British children's television serial

Cover of the BBC/Knight Books novelisation of the serial.

Codename Icarus is a five-part British children's television drama serial written by Richard Cooper, which was produced by the BBC in 1981.

The serial combined elements of teenage drama and conspiracy thriller, and involved child prodigies being manipulated as the basis for a complex scheme involving nuclear missiles and the mysterious Icarus Foundation's plot to take over the world.

It starred Barry Angel as child prodigy Martin Smith and Philip Locke as John Doll. Cooper also novelised the serial, which was published by the BBC and Knight Books in 1981.

The serial was released on VHS in compilation form by BBC Video in 1985 in the UK, and in 2006 it was made available in its original, unedited episodic format on Region 1 DVD by Home Vision Entertainment in the United States.

The location for the scenes when the children were at school was the Redrice, just outside Andover, Hampshire, UK. This school has since been renamed as the Farleigh School. All the child extras came from the Harrow Way Community School in Andover.

The credits for all five episodes of the serial bore the captions 'Scientific Advice – Professor John Taylor' and 'BBC wishes to thank: Imperial War Museum, Duxford'.

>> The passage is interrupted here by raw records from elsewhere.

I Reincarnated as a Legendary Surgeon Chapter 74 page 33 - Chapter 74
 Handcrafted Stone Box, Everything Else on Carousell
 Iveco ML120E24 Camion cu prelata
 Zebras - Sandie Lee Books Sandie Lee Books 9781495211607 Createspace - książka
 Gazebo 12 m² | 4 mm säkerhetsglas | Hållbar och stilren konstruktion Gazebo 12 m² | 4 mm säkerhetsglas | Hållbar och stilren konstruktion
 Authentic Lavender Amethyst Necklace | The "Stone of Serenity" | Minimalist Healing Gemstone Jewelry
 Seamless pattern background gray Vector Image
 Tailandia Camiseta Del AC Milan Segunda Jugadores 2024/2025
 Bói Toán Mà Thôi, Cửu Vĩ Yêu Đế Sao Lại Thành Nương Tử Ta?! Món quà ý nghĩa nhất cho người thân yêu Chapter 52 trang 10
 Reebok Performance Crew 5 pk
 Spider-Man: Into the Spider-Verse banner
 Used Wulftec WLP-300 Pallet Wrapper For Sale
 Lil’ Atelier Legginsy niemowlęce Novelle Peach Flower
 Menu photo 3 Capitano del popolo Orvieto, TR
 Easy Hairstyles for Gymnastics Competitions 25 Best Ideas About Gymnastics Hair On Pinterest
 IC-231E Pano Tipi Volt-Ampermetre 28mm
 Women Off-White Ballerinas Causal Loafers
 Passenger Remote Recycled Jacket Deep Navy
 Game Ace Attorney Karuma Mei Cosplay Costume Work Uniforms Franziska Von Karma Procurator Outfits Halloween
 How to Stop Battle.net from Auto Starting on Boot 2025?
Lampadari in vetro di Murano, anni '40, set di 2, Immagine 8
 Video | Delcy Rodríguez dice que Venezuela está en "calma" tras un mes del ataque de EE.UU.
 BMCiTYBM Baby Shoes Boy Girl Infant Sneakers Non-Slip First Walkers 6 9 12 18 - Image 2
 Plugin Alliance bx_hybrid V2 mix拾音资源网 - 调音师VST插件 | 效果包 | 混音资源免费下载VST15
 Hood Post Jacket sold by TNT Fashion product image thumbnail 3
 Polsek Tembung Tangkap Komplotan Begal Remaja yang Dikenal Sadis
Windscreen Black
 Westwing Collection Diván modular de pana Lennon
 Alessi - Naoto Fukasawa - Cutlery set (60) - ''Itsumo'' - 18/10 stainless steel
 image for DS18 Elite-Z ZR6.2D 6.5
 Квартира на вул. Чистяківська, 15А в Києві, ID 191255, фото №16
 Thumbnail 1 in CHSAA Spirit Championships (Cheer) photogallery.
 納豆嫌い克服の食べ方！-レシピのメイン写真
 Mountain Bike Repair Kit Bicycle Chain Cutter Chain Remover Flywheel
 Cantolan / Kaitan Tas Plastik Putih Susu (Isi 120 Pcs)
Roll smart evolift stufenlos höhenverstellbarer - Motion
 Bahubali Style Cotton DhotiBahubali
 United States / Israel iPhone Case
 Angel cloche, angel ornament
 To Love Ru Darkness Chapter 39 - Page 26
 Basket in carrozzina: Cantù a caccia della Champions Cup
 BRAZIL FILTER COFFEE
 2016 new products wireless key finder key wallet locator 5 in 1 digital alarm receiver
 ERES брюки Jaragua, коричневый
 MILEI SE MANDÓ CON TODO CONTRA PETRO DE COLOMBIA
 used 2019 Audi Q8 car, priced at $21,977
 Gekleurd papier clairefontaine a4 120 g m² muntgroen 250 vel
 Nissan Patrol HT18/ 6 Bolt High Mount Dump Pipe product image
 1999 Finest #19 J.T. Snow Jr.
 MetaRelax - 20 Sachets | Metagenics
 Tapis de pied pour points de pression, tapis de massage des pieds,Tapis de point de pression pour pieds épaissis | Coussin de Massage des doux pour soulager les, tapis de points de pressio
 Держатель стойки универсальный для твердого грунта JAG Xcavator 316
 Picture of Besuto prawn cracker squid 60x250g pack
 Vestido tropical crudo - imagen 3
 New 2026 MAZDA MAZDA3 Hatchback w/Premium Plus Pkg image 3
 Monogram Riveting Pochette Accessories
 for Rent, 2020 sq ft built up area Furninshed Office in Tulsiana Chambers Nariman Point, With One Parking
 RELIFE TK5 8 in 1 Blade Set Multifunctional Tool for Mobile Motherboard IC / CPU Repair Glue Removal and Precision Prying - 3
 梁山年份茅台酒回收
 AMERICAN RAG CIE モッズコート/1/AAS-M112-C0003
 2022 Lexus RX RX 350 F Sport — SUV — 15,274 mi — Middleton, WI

The title music was Koschei's Infernal Dance from The Firebird by Igor Stravinsky.

Episode 3 'Harlequin' was nominated for 'Best Drama/Light Entertainment' at the 1982 BAFTA Awards.

The serial was broadcast twice-weekly, on Tuesdays and Wednesdays, with the original transmission dates being as follows:
- Part One – 8 December 1981
- Part Two – 9 December 1981
- Part Three – 15 December 1981
- Part Four – 16 December 1981
- Part Five – 22 December 1981

==In other media==

===Novelisation===

Publisher: BBC/Knight Books
Year: 1981
Author: Richard Cooper
Original Price: £1.25
ISBN №: 0-340-27535-9
Availability: Out of print

The novelisation was published to tie-in with the broadcast of the serial. The book's content is fairly faithful to the televised version, although Richard Cooper has rearranged some scenes and added some extra material not seen on-screen, as well as omitting the character of Frank Broadhurst (played on-screen by Gorden Kaye) entirely. The front cover featured a specially posed publicity photograph by Chris Ridley showing Barry Angel as Martin Smith holding a pair of binoculars, with Philip Locke as John Doll standing in the background.

===VHS===

Label: BBC Video
Release Date: 1985
Catalogue №: BBCV 9023
Availability: Deleted

Presented as a 106-minute compilation. BBFC "U" certificate. The opening titles of Part One were edited to remove the episode number caption. The opening titles were missing from Parts Two, Three, Four and Five. The closing titles were missing from Parts One, Two, Three and Four, with a compilation version of the closing credits – i.e. featuring the cast and production crew of the entire serial – at the end of Part Five. The compilation is also strangely missing some scenes that are present in the episodic version of the serial available on Region 1 DVD in the United States, but why these cuts were made (bearing in mind that the omitted sequences are hardly offensive) remains unclear. The BBC Video presentation was by Katrina Murray.

===DVD===

Label: Home Vision Entertainment
Release Date: 24 January 2006
Catalogue №: HVE2964DVD
Availability: Out now

DVD Features
- Digitally restored versions of all episodes
- Trailer for The Chronicles of Narnia
- Captions for the hearing-impaired

Presented in original, unedited episodic format, with a running time of 146 minutes. MPAA Unrated.

To date, Codename Icarus has only been released on Region 1 DVD in the United States. There are currently no plans for a Region 2 release for the UK.